**YOUR GOAL**
Reproduce the data that follows character for character, but omit its pictures.

**SUPPLIED INFORMATION**

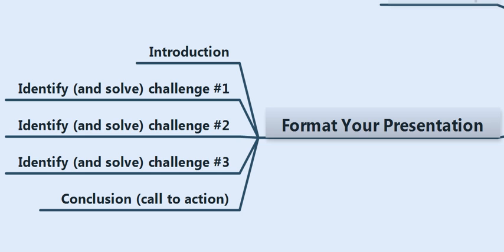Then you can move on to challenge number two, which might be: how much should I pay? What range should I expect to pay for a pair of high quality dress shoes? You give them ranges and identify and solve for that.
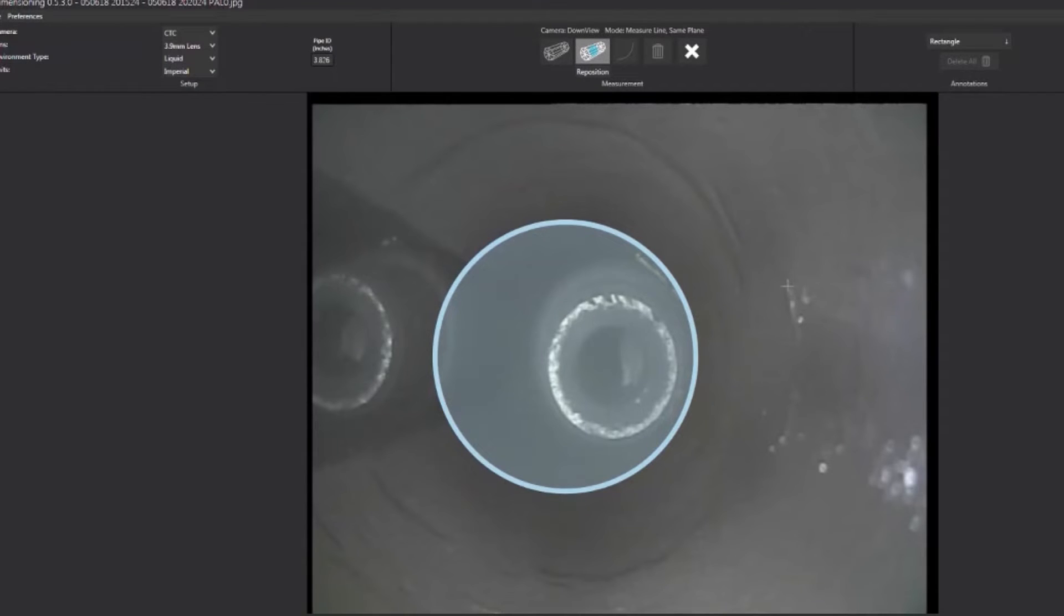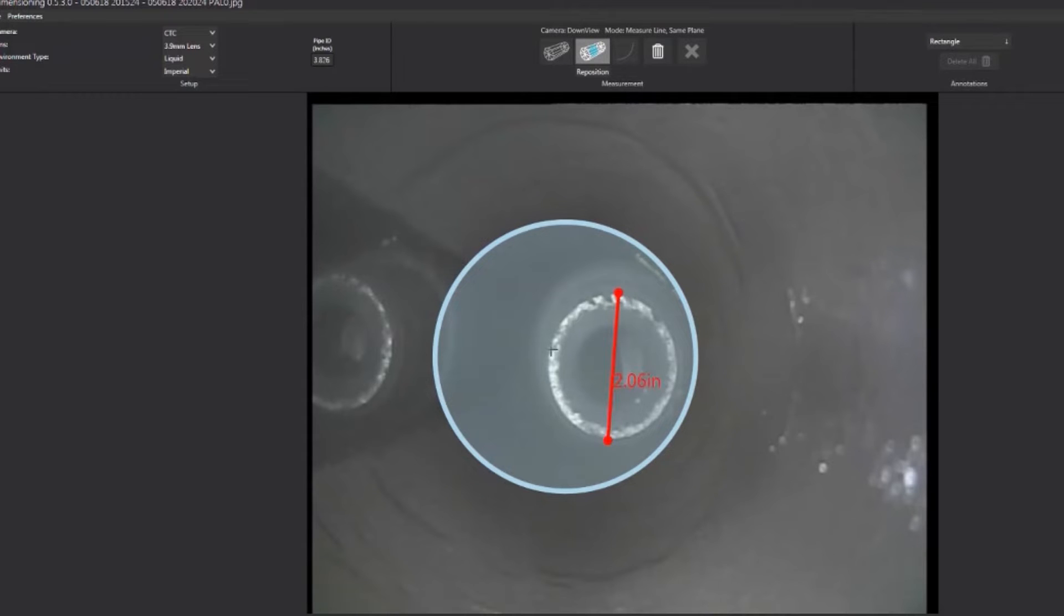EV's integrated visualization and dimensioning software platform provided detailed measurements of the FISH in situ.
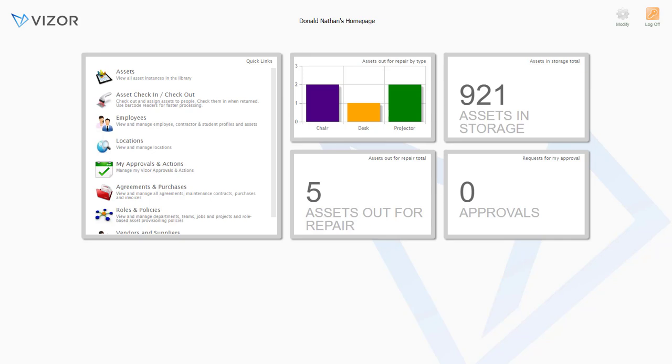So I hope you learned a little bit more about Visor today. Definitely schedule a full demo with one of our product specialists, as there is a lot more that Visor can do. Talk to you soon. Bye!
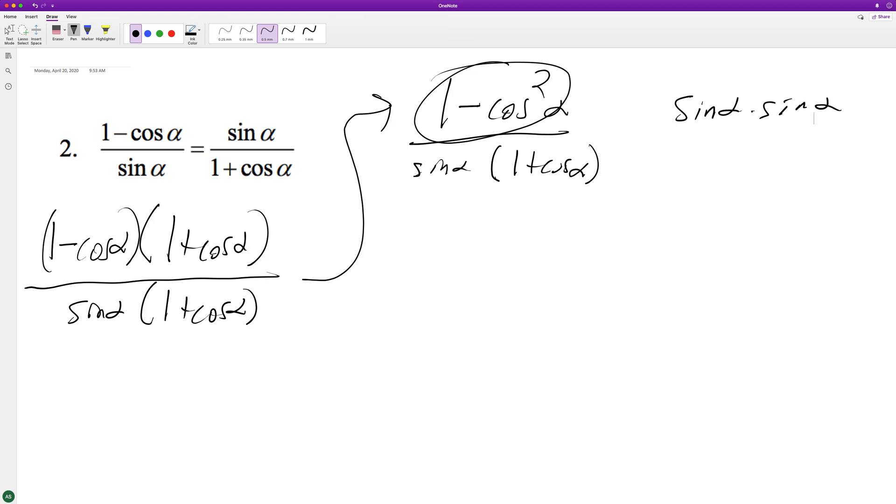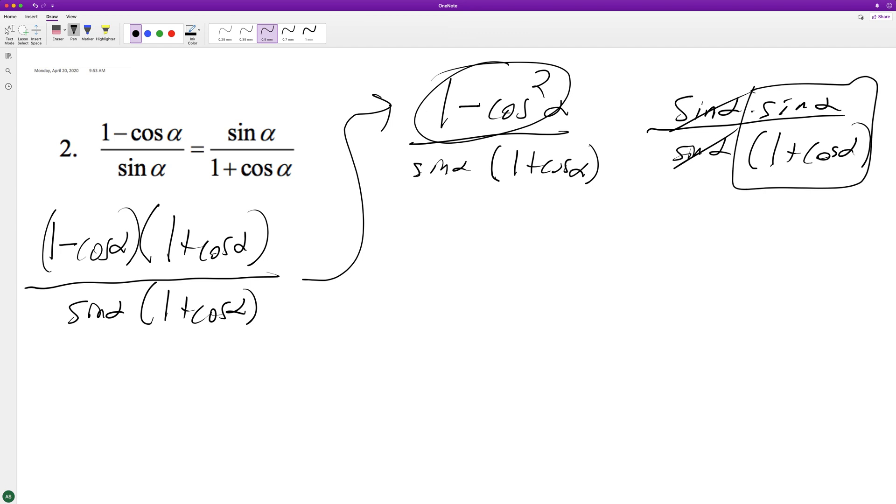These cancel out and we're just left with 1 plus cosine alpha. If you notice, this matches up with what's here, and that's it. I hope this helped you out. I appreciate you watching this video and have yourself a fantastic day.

**TASK SOLUTION**
Then you can move on to challenge number two, which might be: how much should I pay? What range should I expect to pay for a pair of high quality dress shoes? You give them ranges and identify and solve for that.
EV's integrated visualization and dimensioning software platform provided detailed measurements of the FISH in situ.
So I hope you learned a little bit more about Visor today. Definitely schedule a full demo with one of our product specialists, as there is a lot more that Visor can do. Talk to you soon. Bye!
These cancel out and we're just left with 1 plus cosine alpha. If you notice, this matches up with what's here, and that's it. I hope this helped you out. I appreciate you watching this video and have yourself a fantastic day.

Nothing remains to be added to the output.